Stored items:
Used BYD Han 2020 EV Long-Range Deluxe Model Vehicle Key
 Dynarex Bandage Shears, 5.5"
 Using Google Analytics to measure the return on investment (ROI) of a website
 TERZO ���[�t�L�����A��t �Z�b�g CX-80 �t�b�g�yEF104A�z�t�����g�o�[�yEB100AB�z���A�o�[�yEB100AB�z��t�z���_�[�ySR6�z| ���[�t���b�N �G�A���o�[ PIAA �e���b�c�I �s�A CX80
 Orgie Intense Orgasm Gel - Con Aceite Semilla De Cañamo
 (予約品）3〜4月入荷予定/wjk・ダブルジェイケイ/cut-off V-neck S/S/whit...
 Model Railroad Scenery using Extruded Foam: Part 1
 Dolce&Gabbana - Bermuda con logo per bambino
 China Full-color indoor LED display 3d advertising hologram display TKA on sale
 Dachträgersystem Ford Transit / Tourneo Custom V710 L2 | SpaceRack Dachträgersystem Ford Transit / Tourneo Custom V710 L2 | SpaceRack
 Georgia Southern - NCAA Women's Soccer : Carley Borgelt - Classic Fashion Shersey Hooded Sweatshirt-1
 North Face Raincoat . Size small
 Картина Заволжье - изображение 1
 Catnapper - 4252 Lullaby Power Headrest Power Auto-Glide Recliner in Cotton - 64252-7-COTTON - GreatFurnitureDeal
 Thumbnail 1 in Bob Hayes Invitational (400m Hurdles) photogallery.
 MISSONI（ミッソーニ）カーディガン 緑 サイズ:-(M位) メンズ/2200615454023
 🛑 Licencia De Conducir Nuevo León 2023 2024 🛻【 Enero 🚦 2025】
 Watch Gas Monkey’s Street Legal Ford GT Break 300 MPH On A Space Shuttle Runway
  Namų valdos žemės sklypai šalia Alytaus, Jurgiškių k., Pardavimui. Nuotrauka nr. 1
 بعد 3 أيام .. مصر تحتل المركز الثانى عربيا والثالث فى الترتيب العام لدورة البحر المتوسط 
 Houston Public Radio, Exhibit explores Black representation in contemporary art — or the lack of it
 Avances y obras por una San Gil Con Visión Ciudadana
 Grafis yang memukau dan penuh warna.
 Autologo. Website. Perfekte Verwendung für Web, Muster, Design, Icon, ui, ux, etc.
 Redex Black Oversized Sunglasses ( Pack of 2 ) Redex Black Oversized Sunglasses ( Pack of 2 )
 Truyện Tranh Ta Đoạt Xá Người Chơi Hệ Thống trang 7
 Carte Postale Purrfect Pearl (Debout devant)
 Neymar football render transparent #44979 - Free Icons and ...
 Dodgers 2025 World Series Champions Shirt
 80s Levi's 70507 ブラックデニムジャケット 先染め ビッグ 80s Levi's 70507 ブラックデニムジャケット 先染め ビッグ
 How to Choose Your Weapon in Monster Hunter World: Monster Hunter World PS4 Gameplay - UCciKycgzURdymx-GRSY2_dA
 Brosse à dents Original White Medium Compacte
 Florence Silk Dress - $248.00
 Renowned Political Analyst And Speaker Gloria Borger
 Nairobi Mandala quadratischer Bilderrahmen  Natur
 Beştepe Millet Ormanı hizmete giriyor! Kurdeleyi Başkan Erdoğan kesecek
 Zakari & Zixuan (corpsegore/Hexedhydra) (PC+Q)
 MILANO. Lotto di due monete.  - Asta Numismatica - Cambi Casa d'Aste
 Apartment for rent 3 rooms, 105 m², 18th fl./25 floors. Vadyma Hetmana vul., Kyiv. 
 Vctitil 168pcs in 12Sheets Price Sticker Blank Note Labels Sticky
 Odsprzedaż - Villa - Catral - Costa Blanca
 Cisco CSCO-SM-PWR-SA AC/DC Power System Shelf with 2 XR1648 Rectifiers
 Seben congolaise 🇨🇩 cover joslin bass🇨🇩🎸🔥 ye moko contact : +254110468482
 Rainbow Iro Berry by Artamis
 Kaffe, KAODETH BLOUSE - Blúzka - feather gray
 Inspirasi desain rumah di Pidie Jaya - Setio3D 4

YOUR GOAL: How many lines in the records hold the string "Black"? Reply with the number alone.

RESPONSE AREA: 2